Phenotypic distance clustering among the eggplant wild relatives

Figure 2 represents the phenotypic distance among the 13 eggplant species based on the morphological descriptors. The eggplant species were divided into four major groups. Group I (S. wrightii, CHB–WEP–1) and group II (S. sisymbriifolium, CHB–WEP–9) exhibited unique morphotypes compared to other species. Group III includes two cultivated eggplant species of S. melongena (CHB–WEP–12 and CHB–WEP–13) with similar morphological features. Other species such as S. mammosum (CHB–WEP–2), S. aculeatissimum (CHB–WEP–3), S. trilobatum (CHB–WEP–4), S. melongena–wild type (CHB–WEP–5 and CHB–WEP–10), S. torvum (CHB–WEP–6), S. macrocarpon (CHB–WEP–7), S. aethiopicum (CHB–WEP–8 and CHB–WEP–11) are categorized under group with a comparatively narrow phenotypic distance. Group IV was further divided into three subgroups with significant phenotypic variation among S. mammosum (Subgroup 1), S. aculeatissimum, and S. torvum (Subgroup 2), and Subgroup 3 includes S. aethiopicum, S. trilobatum, S. macrocarpon, and two wild types of S. melongena.

Figure 2
figure 2

Heat map depicting the phenotypic association among 13 eggplant wild relatives.

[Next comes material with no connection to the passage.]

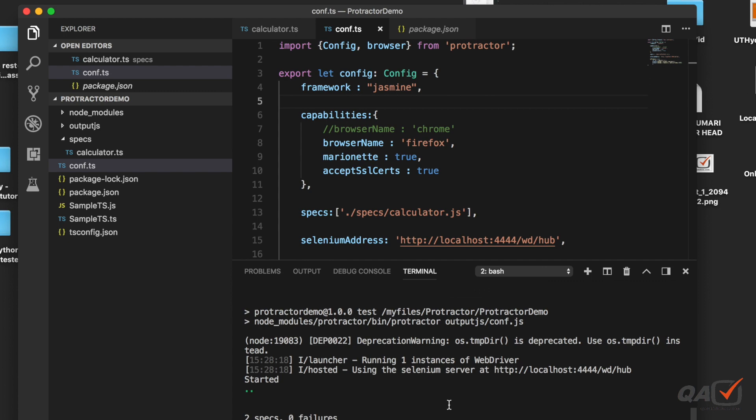You need not actually change anything in your script, just you need to change the configuration.ts file and then you can run your test. That's all for this video. Stay tuned with our next video updates and do subscribe. Thanks.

The phenotypic tree in the heatmap also describes the critical conventional features that predominantly discriminate the eggplant species (Fig. 2). The phenotypic descriptors were grouped into three major clusters. Group I includes plant spread, plant height, days to flower, stem girth, and the number of leaves which showed higher variability among the tested eggplant species. Group II comprises the number of spines in leaves and stems, leaf width, and girth, However, Group III comprises 24 conventional phenotypic characters, further grouped into three Subgroups (Fig. 2).

Fruit characters such as fruit color at maturity, fruiting pattern, fruit color at harvest, fruit shape, fruit curvature, fruit calyx spine, and flower color in Subgroup1 of Group III signifies less variation among the eggplant species, which may be used for stringent selection of the unique species. On the other hand, fruit glossiness, fruit ápex shape, length of the peduncle, spines intensity, fruit stripes, leaf–spine, and flower numbers in Subgroup 2 showed moderate variation. Subgroup 3 (number of branches, plant growth habit, flower size, vein color intensity, fruit length: diameter, fruit length, stem pubescence, fruit calyx size, fruit diameter, blade color intensity) showed a minimum impact on phenotypic discrimination among the eggplant species (Fig. 2).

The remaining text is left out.